To find out more about how AI is changing the industry, we spoke to Etienne Manderscheid, vice president of machine learning at Dialpad, a cloud-based business communications platform. Prior to Dialpad, Etienne co-founded TalkIQ, a startup specializing in real-time speech recognition and natural language processing technologies, which was acquired by Dialpad back in May 2018. Etienne also has a PhD in computational neuroscience, and was pivotal in helping Dialpad to develop VoiceAI, which allows users to take a quantitative and actionable approach when analyzing conversations. VoiceAI is featured in a wide range of Dialpad products.
Dialpad has been described as a “cloud-based phone system.” Could you explain a little bit about what that means?
Well, legacy communication systems (like those offered by Cisco) have large, extensive installations that only live on-premise. And to push features, they have to go and actually make physical changes to that hardware. So it doesn’t allow for fast development cycles and it doesn’t let you scale rapidly. So, if you have a fast-growing team, you would have to upgrade your whole hardware installation, which might take four or six months. The idea with Dialpad is that we are entirely account-based, similar to Slack, so you can scale very easily, deploy very quickly, so our onboarding times and our feature development times are excellent. Being cloud-based is really what customers expect out here now in this age, and we’ve had a lot of success growing with companies like Uber, Motorola and other Bay Area-based companies.
Could you tell us a bit about how you got started on this path, taking you from academia to starting TalkIQ, and then joining Dialpad?
At the time I started my PhD in computational neuroscience, deep learning AI was not at all what it is today. At the time, the choice was either you can go study computers and learn about what AI was at the time, which I also did — or you could specialize in neuroscience and learn how does the human brain do it and to bring that into AI. I chose the second approach, because at the time what was being done with computers was very limited. My thought was that the brain does all these amazing things — so how can that be translated into AI? In fact, a lot of the most recent breakthroughs in AI — like intentional models which have become state-of-the-art recently — actually take inspiration from how the brain does things.
“We detect what we call ‘key moments’ in conversations — for example, a price objection, which can happen in any sales conversation. So we have models that detect those, as well as many other key moments.”
Four years ago, my colleagues and I co-founded the startup TalkIQ, and our vision was to improve conversations at-scale. If you look at specific verticals like sales and support, there is a lack of analytics that would help managers understand what is going on inside of their calls. We decided to do speech recognition and NLP to give them those analytics so they can do targeted coaching, understand the voice of the customer, and those are now things that we are building as VoiceAI, inside of Dialpad.
So the technology tries to find patterns in voice calls between customers and businesses?

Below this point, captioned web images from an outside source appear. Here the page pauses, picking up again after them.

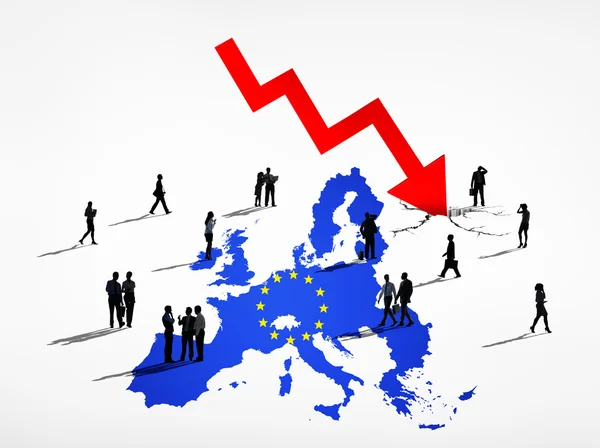 Empresários e Crise Europeia — Fotografia de Stock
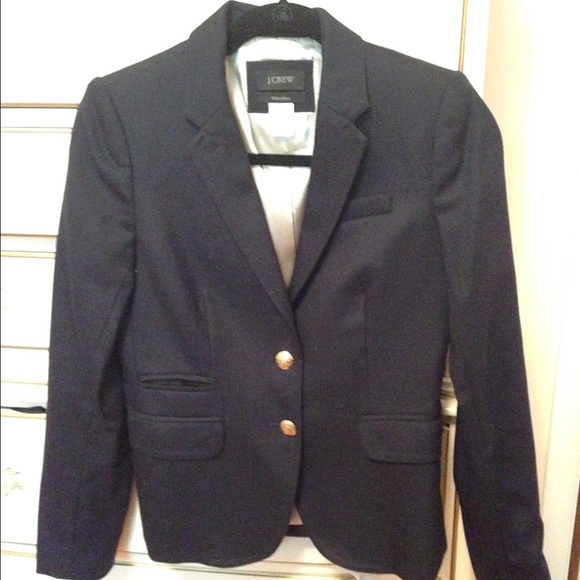 J. Crew BOYS' GOLD-BUTTON BLAZER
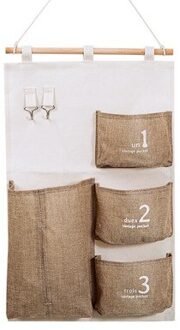 Praktische Katoen & Linnen Opknoping Opbergtas Achter Deur Muur Opknoping Diversen Organizer Bag Home Decor 5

That’s right. We detect what we call “key moments” in conversations — for example, a price objection, which can happen in any sales conversation. So we have models that detect those, as well as many other key moments. For a manager, being able to see how different agents are performing in terms of the various key moments, and relating those to the outcomes of the deals, helps them deliver much more targeted coaching. We also have features that help share organizational knowledge. Once it is identified that some agents are doing well on some things, this information can be put into call libraries that others can learn directly from, rather than going through months and months of trial and error.
How did you solve the potential problems that might arise if you have a customer who might speak with an accent, or uses non-standard vocabularies (like slang or technical jargon)?
We collect a lot of training data from people with diverse accents so that we can do acoustic modeling and language modeling that is going to represent all of our customers. There is a lot of data that we clean, label and then use to do acoustic modeling and language modeling adaptations. There is customization in our language model and the acoustic model that gives better results, compared to a generic, off-the-shelf solution.
How does that work exactly?
In language modeling, human-generated and machine-generated transcripts can be used to train the model further. There is a process of capturing the keywords that customers are using, such as product names, names of competitors, and names of people within those organizations. Those are important words to capture correctly. That’s a challenge for a generic speech recognition system. We have ways where we have customers tell us what those words are. We also use web scraping, where we can infer many of those words ourselves, and then we have to add those to our speech recognition system.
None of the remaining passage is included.